- Data supplied -
######

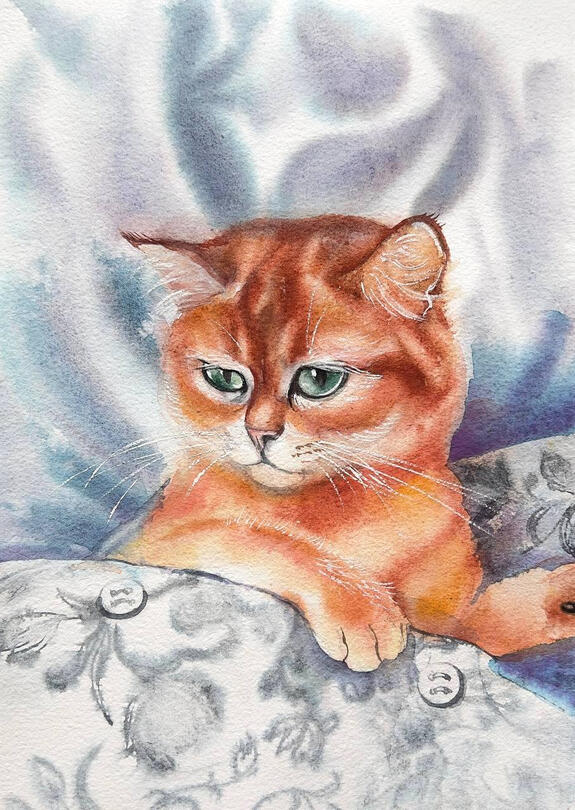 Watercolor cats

######

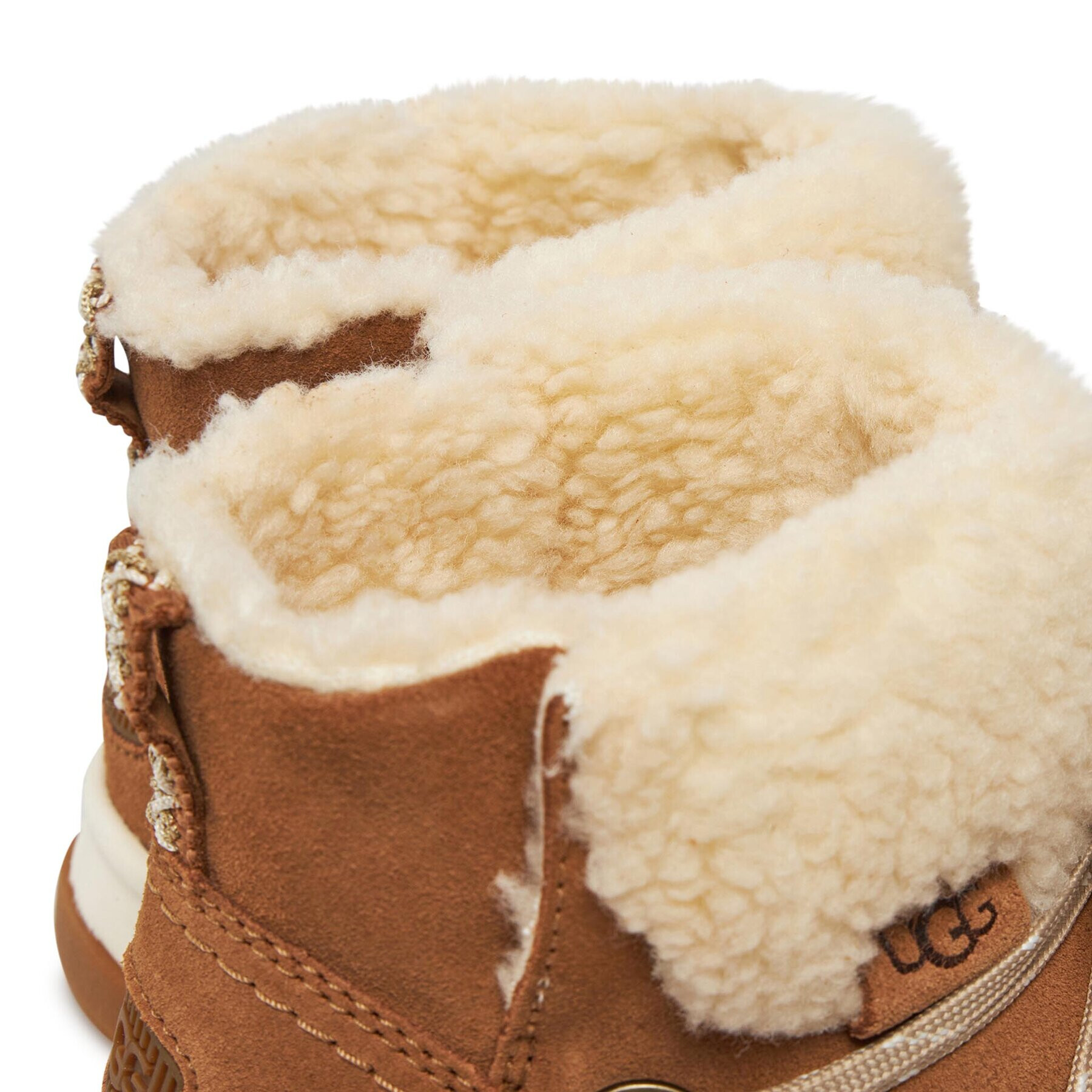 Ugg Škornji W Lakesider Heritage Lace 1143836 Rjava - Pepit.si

######

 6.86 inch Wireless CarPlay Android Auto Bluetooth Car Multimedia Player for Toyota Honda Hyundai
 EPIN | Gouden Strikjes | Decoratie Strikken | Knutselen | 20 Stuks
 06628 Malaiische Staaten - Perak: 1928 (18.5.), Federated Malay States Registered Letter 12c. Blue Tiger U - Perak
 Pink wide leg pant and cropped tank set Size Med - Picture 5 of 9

######

- Work to be completed -
In the material above, locate the line containing "EPIN | Gouden" and the line containing "Pink wide leg". Transcribe exactly those two lines and every line between them, and nothing more.

- Output -
 EPIN | Gouden Strikjes | Decoratie Strikken | Knutselen | 20 Stuks
 06628 Malaiische Staaten - Perak: 1928 (18.5.), Federated Malay States Registered Letter 12c. Blue Tiger U - Perak
 Pink wide leg pant and cropped tank set Size Med - Picture 5 of 9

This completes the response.